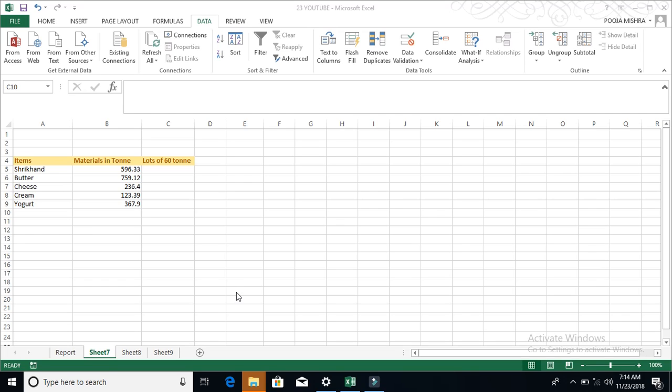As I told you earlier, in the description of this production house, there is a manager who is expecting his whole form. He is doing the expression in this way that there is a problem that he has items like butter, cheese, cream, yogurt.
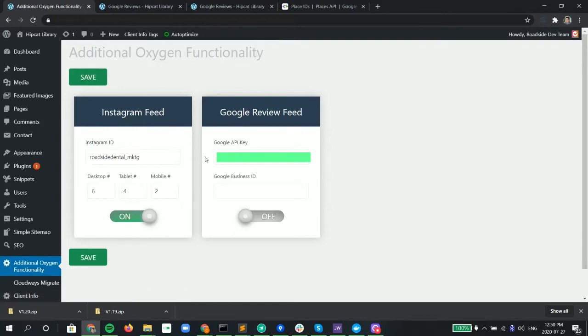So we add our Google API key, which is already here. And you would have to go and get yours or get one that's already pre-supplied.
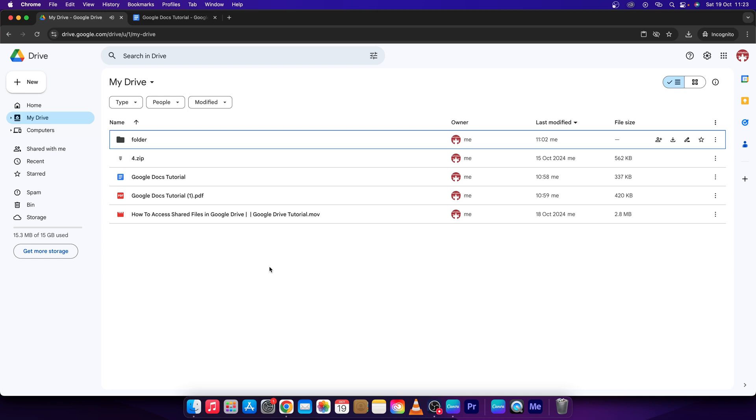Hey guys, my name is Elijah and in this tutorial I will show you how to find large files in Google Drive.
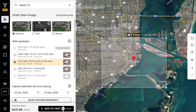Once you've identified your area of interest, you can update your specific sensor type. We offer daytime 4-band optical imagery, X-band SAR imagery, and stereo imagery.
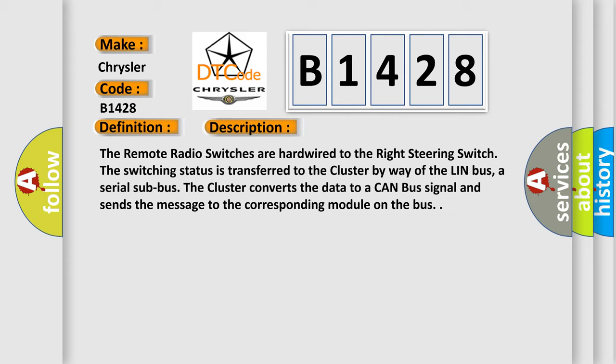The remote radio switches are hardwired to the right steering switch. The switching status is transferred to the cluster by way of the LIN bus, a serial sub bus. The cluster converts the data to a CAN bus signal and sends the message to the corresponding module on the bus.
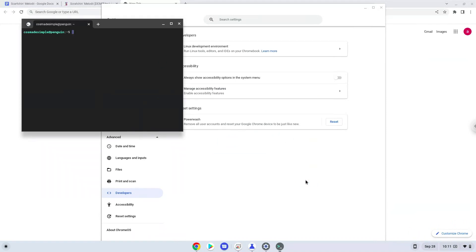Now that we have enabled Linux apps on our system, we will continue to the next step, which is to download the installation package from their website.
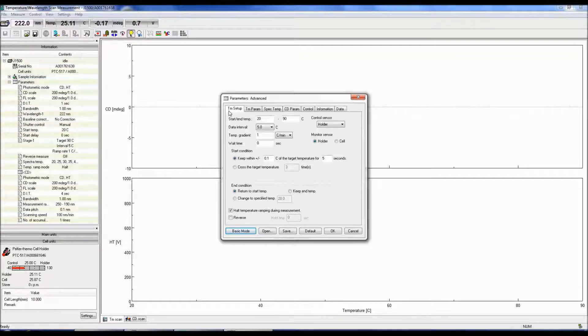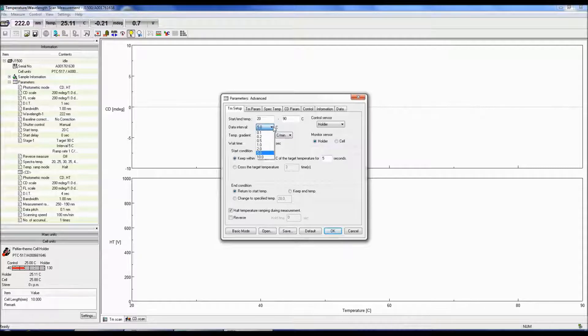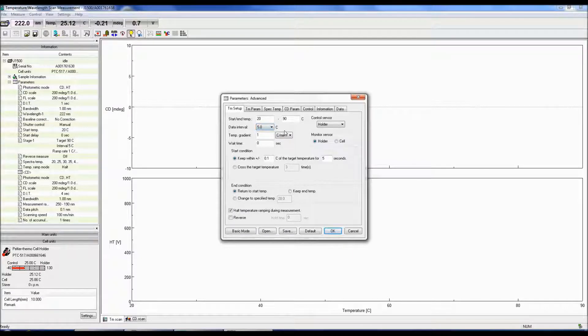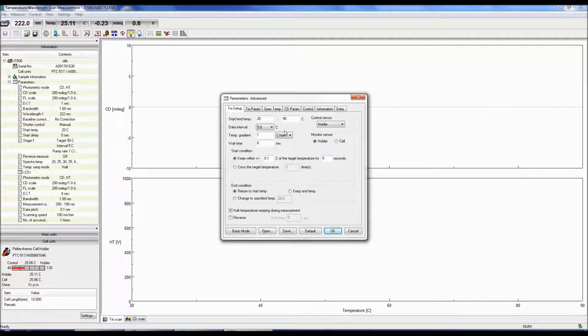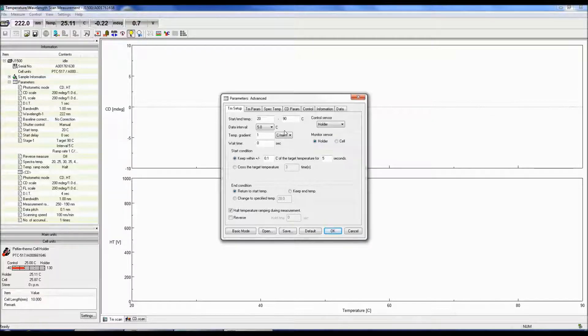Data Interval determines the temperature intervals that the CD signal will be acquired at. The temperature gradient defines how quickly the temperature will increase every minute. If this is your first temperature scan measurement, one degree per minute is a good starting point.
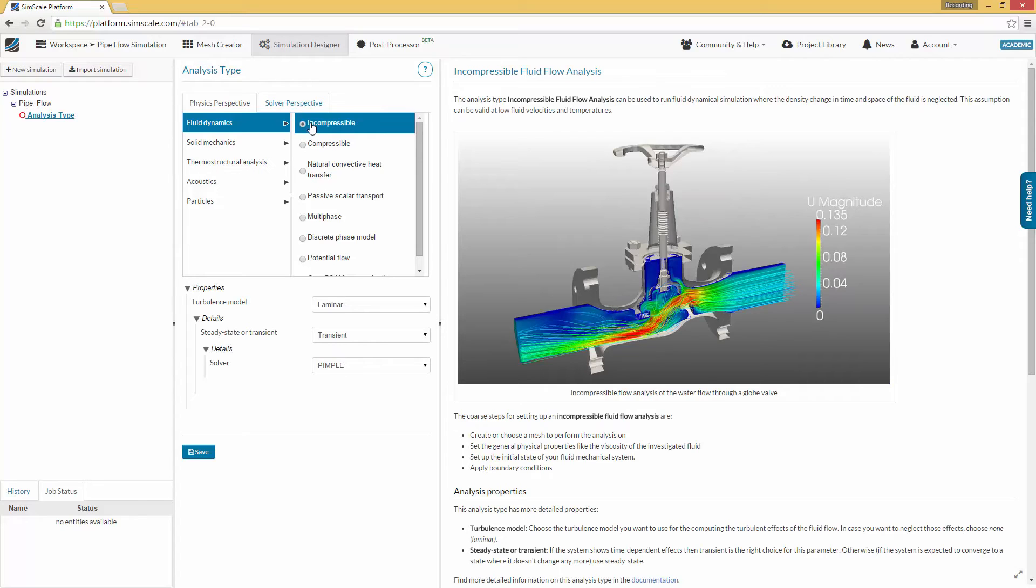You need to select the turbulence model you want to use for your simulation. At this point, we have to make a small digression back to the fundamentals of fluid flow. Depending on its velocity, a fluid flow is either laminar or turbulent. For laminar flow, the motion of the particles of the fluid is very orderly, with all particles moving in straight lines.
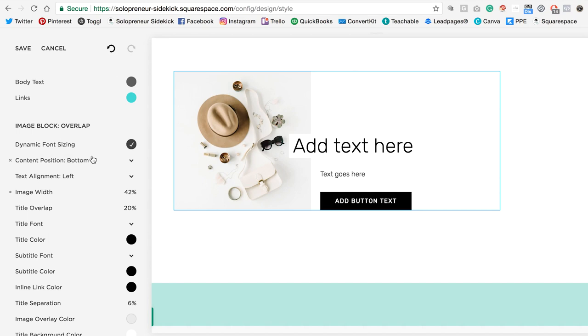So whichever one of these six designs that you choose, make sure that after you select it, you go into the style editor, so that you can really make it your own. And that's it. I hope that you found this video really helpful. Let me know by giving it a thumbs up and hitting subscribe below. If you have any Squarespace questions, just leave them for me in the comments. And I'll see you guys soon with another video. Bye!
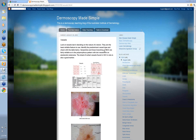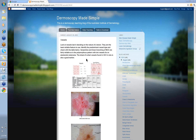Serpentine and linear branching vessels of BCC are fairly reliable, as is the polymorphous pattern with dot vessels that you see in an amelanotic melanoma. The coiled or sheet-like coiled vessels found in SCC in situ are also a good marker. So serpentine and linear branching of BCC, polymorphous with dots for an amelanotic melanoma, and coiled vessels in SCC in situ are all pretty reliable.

....................

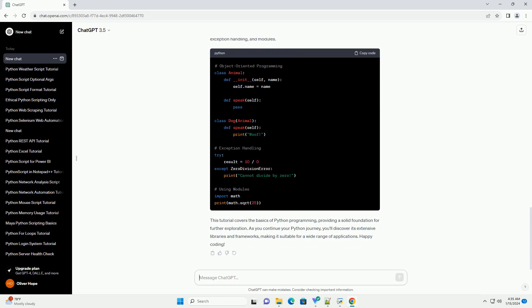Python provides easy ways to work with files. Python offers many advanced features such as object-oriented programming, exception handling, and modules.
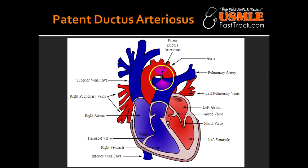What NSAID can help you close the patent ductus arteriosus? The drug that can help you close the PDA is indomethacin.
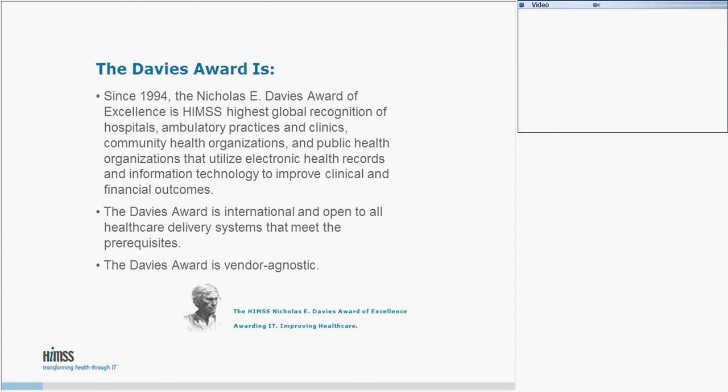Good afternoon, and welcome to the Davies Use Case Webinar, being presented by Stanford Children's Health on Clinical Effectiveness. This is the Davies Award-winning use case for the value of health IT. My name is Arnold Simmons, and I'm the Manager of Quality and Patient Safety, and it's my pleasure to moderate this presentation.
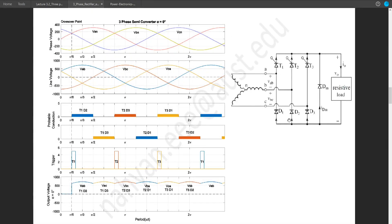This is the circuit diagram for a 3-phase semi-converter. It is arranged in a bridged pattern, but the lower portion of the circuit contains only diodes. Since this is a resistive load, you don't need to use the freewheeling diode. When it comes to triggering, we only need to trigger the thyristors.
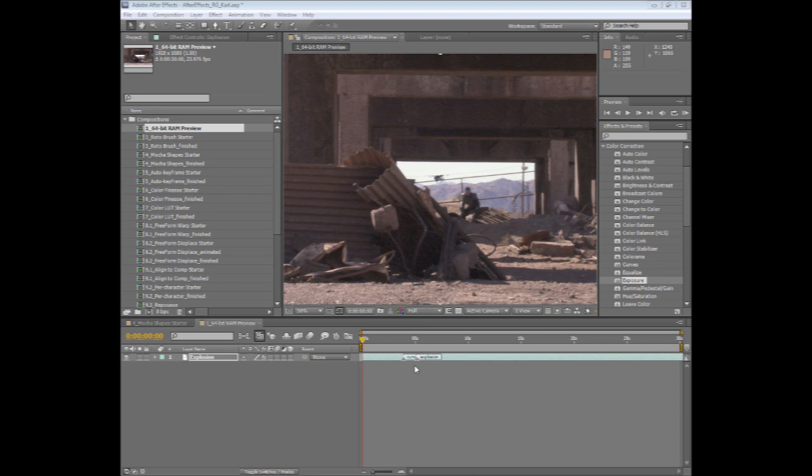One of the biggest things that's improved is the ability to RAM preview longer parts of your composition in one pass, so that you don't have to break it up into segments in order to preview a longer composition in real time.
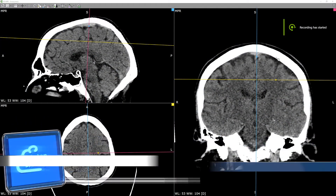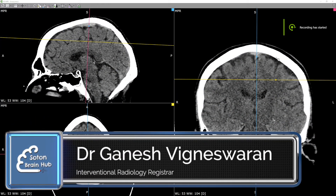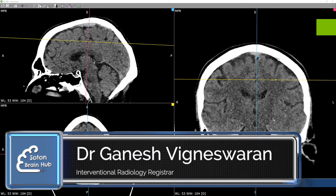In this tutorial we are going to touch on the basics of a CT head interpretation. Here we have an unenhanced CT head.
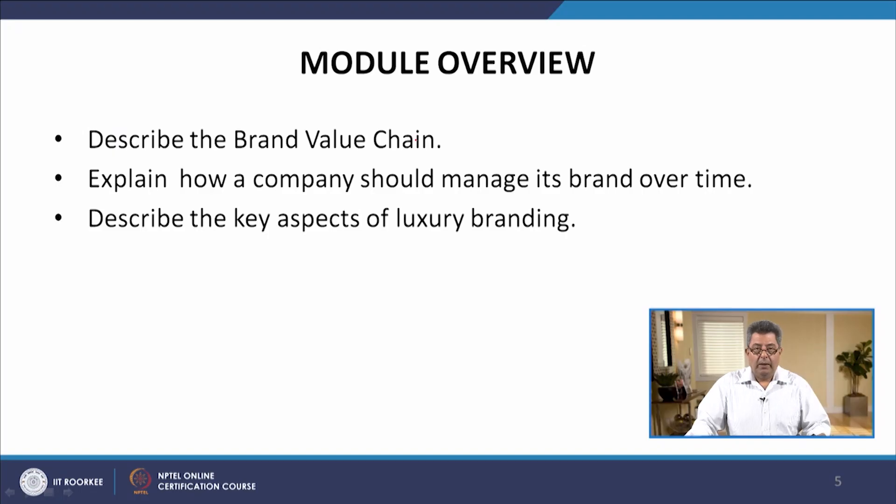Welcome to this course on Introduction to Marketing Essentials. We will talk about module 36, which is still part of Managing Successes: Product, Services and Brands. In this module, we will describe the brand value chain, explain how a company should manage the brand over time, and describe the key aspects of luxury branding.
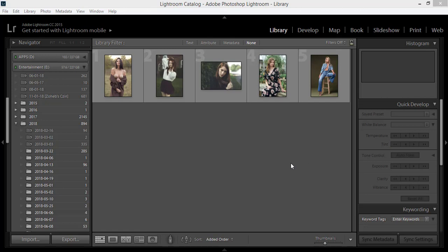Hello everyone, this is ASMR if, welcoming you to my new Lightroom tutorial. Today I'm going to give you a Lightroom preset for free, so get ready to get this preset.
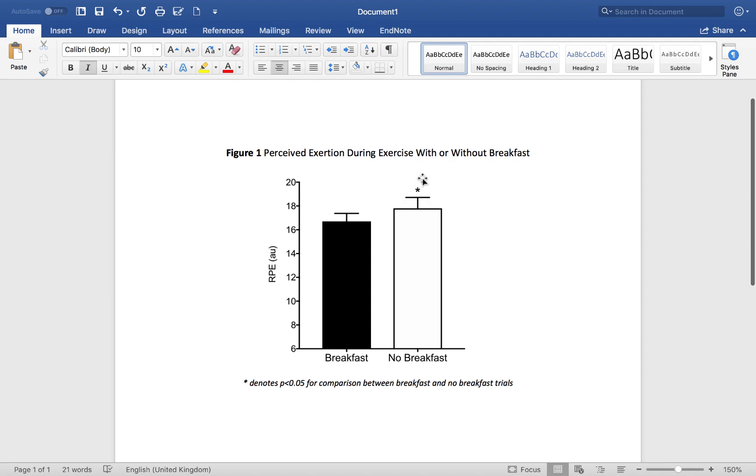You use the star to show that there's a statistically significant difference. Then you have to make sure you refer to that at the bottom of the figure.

....................

### To do:
From the material above, reproduce only what runs from the line holding "The remote radio" down to the line holding "Now that we", both included, pictures excluded.

### Completed exercise:
The remote radio switches are hardwired to the right steering switch. The switching status is transferred to the cluster by way of the LIN bus, a serial sub bus. The cluster converts the data to a CAN bus signal and sends the message to the corresponding module on the bus.
Now that we have enabled Linux apps on our system, we will continue to the next step, which is to download the installation package from their website.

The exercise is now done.